Il avait été créé, lors de la livraison des lots, une petite copropriété horizontale constituée de deux lots dont les acquéreurs avaient intérêt à démontrer qu'elle n'avait pas été constituée valablement.
Les acquéreurs se sont ainsi pourvus en cassation en arguant notamment que les parties à la VEFA ne peuvent établir une copropriété en méconnaissance des dispositions impératives relatives au permis de construire, notamment édictées par l'article L. 421-3 du code l'urbanisme, ainsi que par les dispositions d'ordre public des articles 1er et 9 de la loi du 10 juillet 1965.
Selon eux, une copropriété horizontale ne pourrait être créée en méconnaissance des dispositions impératives contenues dans un arrêté de permis de construire délivré pour la même unité foncière.
En décidant néanmoins qu'il était indifférent que la venderesse n'ait pas respecté les termes du permis de construire pour constituer une copropriété, quant à l'inverse, les dispositions impératives et d'ordre public relatives au permis de construire faisaient nécessairement obstacle à la constitution de la copropriété, la cour d'appel aurait ainsi violé, toujours selon les acquéreurs, les dispositions du code de l'urbanisme et les articles 1er et 9 d'ordre public de la loi du 10 juillet 1965.
Rejet du pourvoi !
OBSERVATIONS
Peu importe la méconnaissance, par le pétitionnaire, du permis de construire qui lui avait été accordé pour édifier l'immeuble, la soumission au statut de la copropriété est indifférente aux règles du droit de l'urbanisme.

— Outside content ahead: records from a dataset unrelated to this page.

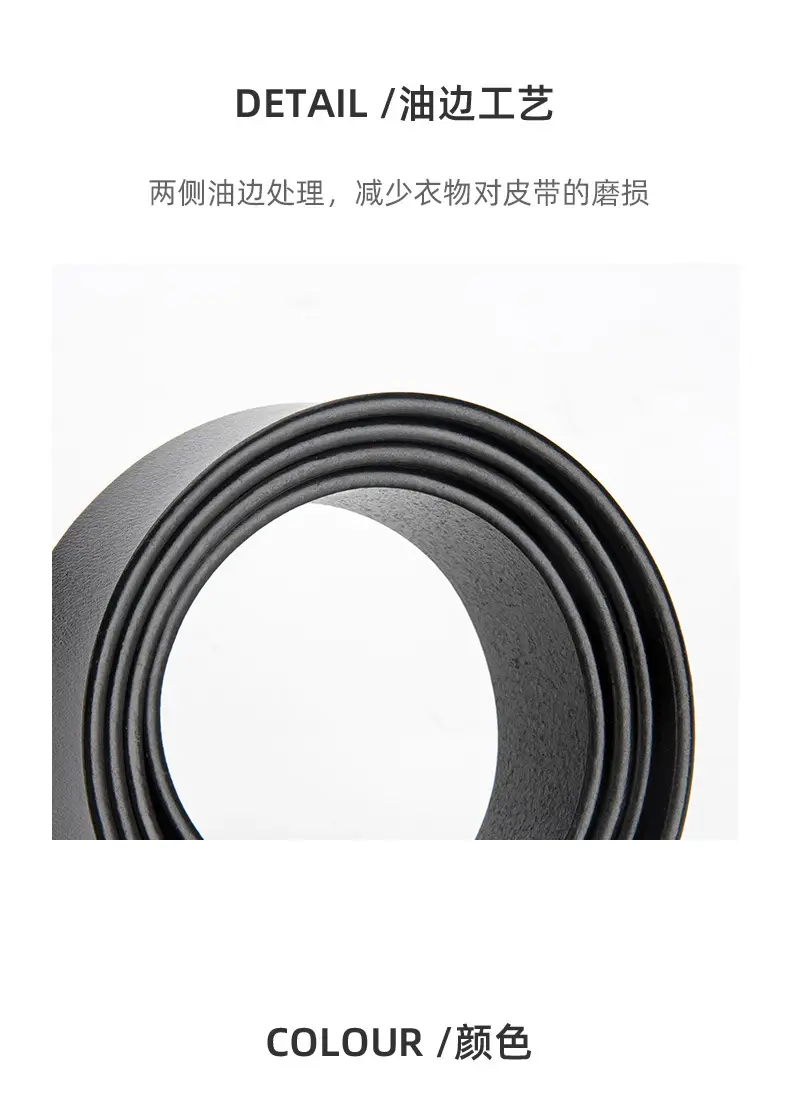 Black Leather Belt with Square Buckle for Women — feature 7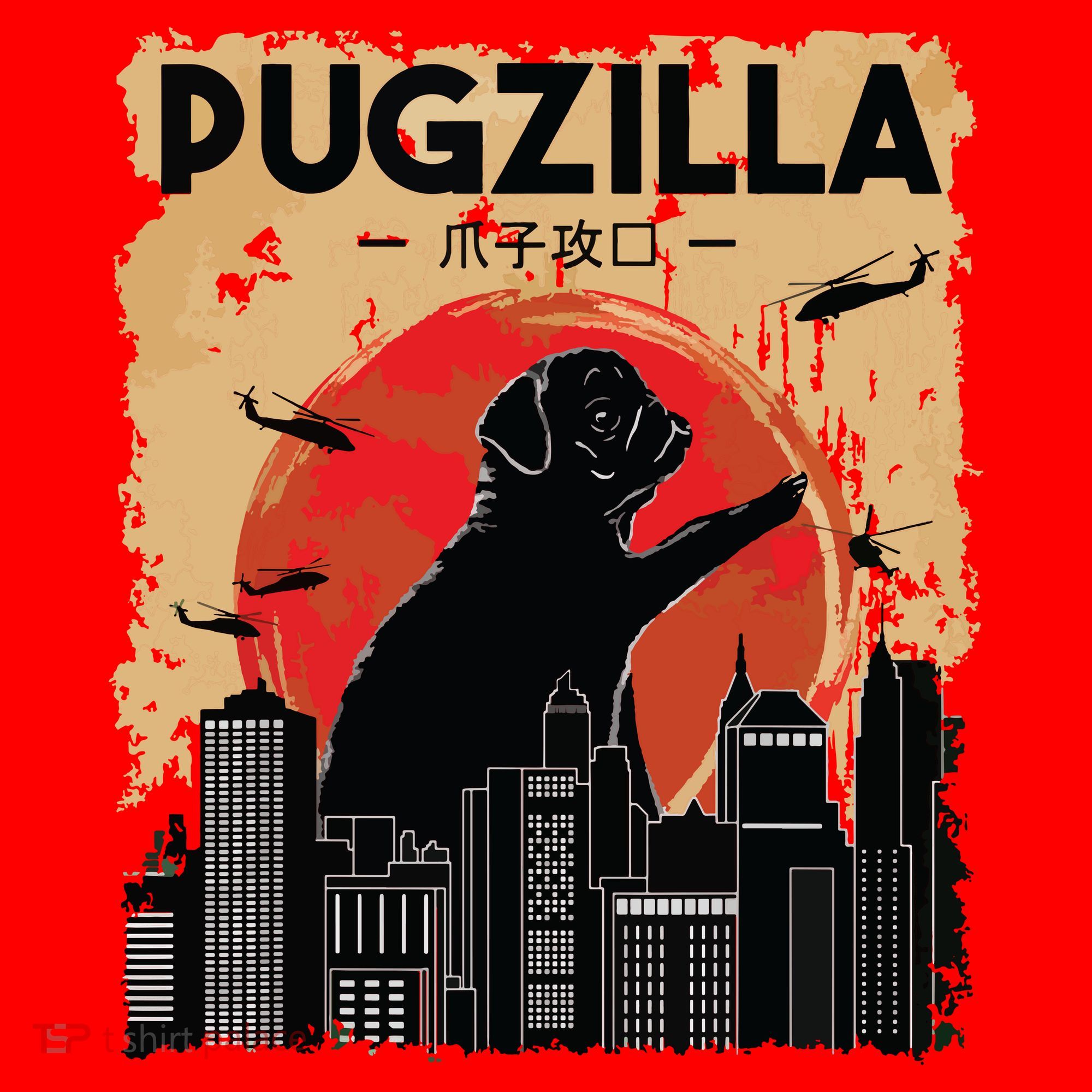 Funny Pug Pugzilla Funny Dog Pug Santa Hat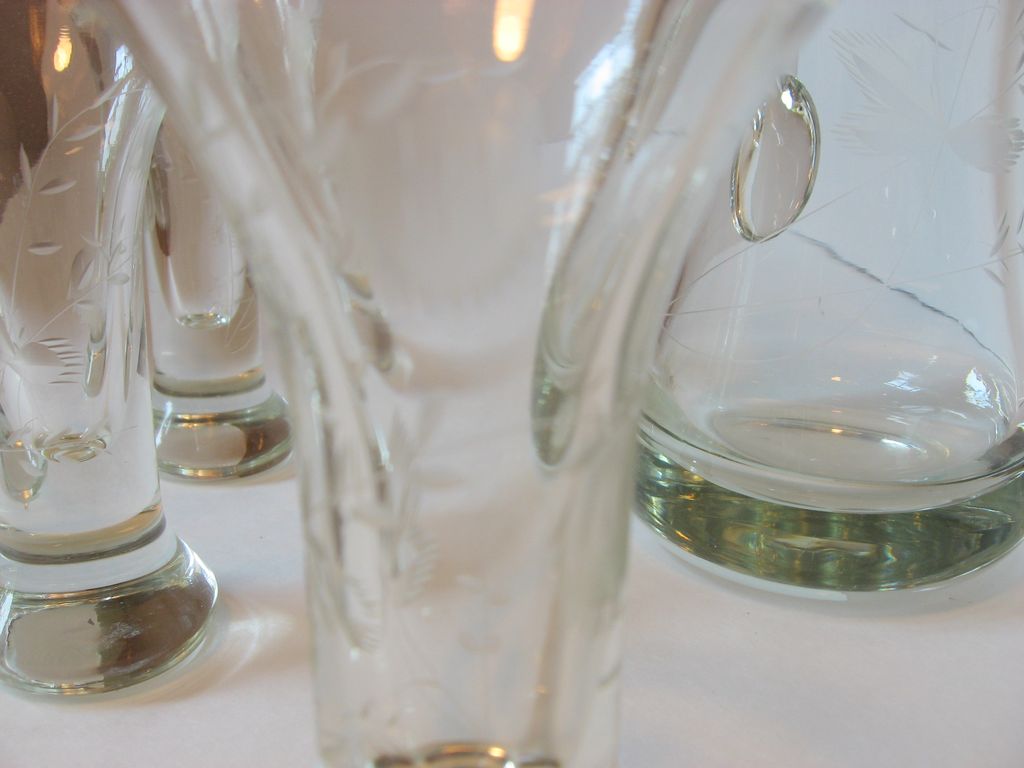 Glass Decanter, Stopper and Three Fluted Cordials with Etched Thistle Design Glass Decanter, Stopper and Three Fluted Cordials with Etched Thistle Design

En application de l'article 1er de la loi n° 65-557 du 10 juillet 1965, "le statut de la copropriété des immeubles bâtis s'applique de plein droit dès que la propriété d'un immeuble bâti est répartie, entre plusieurs personnes, par lots comprenant chacun une partie privative et une quote-part de parties communes" (Cass. 3e civ., 13 avril 1988, n° 86-19.171).
Peu importe également que la copropriété soit immatriculée ou non, qu'un règlement de copropriété ait été pris ou non (Cass. 3e civ., 29 mai 2002, n° 00-17.542) ou qu'un syndic ait été ou non désigné (arrêt du 13 avril 1988 précité).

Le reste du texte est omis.